I like Darjeeling. I dislike drinking hot liquids though so I usually ice it. On lazy days, I let it get room temperature first.


----------



## Guest (Oct 22, 2017)

SarahNorthman said:


> What does it mean when a tea says metropolitan blend?


I don't know...but could it be this?

https://blog.englishteastore.com/tag/earl-grey-metropolitan/


----------



## Guest (Oct 22, 2017)

Green teas which I order in bulk from Asia--mostly from Japan but I also drink a lot of Chinese, Indian and Korean teas. I drink matcha once or twice a week. I have an assortment of blacks and oolongs but I go for Lapsang Souchong mostly. I also like the tea flowers that you put in the glass pots and watch them bloom. Some nice jasmine flavor if you like jasmine. No cream, milk or sugar.

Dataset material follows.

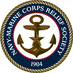 NMCRS (@nmcrs1) Twitter profile photo NMCRS (@nmcrs1) Twitter profile photo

I never understood the concept of drinking tea if you're going to ruin it with stuff that has no business bring put in tea.


----------



## SarahNorthman (Nov 19, 2014)

MacLeod said:


> I don't know...but could it be this?
> 
> https://blog.englishteastore.com/tag/earl-grey-metropolitan/


Yes! Exactly like that! Though I believe mine is a Cream Earl Grey.....I'd have to look though.


----------



## Taplow (Aug 13, 2017)

Rooibos, always.


----------



## Listenerris (Aug 17, 2017)

I am drink a black tea.


----------